» **Material supplied**:
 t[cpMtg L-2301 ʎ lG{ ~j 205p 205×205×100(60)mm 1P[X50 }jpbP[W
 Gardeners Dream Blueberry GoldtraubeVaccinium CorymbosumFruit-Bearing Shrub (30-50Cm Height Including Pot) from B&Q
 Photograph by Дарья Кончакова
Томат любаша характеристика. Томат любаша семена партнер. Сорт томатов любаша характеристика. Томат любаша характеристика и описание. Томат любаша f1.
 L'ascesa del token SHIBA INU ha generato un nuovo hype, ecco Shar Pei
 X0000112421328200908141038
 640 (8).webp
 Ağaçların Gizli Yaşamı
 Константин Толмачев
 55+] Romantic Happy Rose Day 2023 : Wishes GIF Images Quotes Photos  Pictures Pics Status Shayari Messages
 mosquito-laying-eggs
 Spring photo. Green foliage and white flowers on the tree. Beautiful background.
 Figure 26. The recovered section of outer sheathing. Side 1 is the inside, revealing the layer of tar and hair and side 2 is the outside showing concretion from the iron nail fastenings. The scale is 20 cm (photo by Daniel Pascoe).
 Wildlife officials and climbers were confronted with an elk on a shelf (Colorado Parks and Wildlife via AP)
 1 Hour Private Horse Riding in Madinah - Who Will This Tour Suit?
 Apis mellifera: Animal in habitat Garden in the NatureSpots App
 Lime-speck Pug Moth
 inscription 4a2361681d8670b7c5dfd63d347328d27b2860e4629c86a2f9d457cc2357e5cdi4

» **What to work on**: Determine how many lines of the records contain the word "from". Reply with the number by itself.

» **Response box**: 2